There are any number of loopholes these terrorists can pursue in the civilian legal system in order to thwart our efforts in the pursuit of justice. In a standard criminal complaint law enforcement officers are immediately involved, pursuing the suspects and meticulously gathering and documenting evidence. Once they capture the suspect certain rules must be followed, such as reading of Miranda rights, due process, right to speedy trials, right to be free from cruel and unusual punishment, and so forth, most of which the U.S. military is not trained to do; they are trained to find, close with, and kill the enemy.
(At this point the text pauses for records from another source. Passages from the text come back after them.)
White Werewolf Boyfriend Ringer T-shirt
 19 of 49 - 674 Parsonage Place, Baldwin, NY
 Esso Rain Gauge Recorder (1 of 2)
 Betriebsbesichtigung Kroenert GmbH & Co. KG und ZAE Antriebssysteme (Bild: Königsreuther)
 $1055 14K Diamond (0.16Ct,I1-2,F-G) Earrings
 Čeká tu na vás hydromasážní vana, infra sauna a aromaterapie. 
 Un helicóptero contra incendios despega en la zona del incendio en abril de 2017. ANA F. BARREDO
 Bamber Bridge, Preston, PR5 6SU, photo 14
In cases where enemy soldiers are captured, they are tried before Military Tribunals, which have their own legal standards and expectations and have been used throughout our nation's history; they were not simply created by former-President Bush.

Some areas of concern from a legal standpoint include protection against illegal searches and seizures (Fourth Amendment), the right to due process and protection against self-incrimination (Fifth Amendment), and protection against cruel and unusual punishment (Eighth Amendment). Will the fact that some of the defendants (i.e. Khalid Sheikh Mohammed) were "tortured" be used in their defense? If they incriminated themselves during that torture, will that be thrown out? Can they argue that they were not afforded speedy trials because they were held for years at "black sites" or Guantanamo Bay? Additionally, what about the use of classified information or intelligence in the capture or prosecution of these individuals? Will it be allowed in court? What will be the standard as far as how it was obtained or used? Also, what about the assistance of foreign allies, particularly countries with questionable legal practices, such as Pakistan and the Afghan militias that helped overthrow and capture key Taliban and al-Qa`ida operatives?

I am sure AG Holder, his legal advisers, and those of the Department of Defense, CIA, FBI, and other agencies have all reviewed these points and took them into consideration before making the decision to try these terrorists in civilian courts. But that is no guarantee that a judge or jury will reach the same conclusions as did they; just look at O.J. Simpson. Not to mention, by putting them in the civilian legal system they are free to pursue appeal after appeal, essentially taking advantage of the very legal system they have sought to bring down since 1993. It also sets a precedent for future terrorists to seek trials through civilian courts. Likewise, any decisions made in the rulings of these first five with respect to what is or is not allowed will establish how all future cases are pursued.

I completely disagree with President Obama's decision to bring these terrorists to the U.S. for trial. I think it opens us up for scrutiny of the practices used to capture and hold terrorists, not to mention allowing that information out into the public domain where future terrorists can learn lessons, and will delay justice for the survivors of 9/11. Of course, there are those that will argue that bringing these individuals back to the scene of their crimes will provide closure for the survivors, but I contend the survivors will not have closure until these animals are 6-feet under, and I do not think they care how they get there or who puts them there.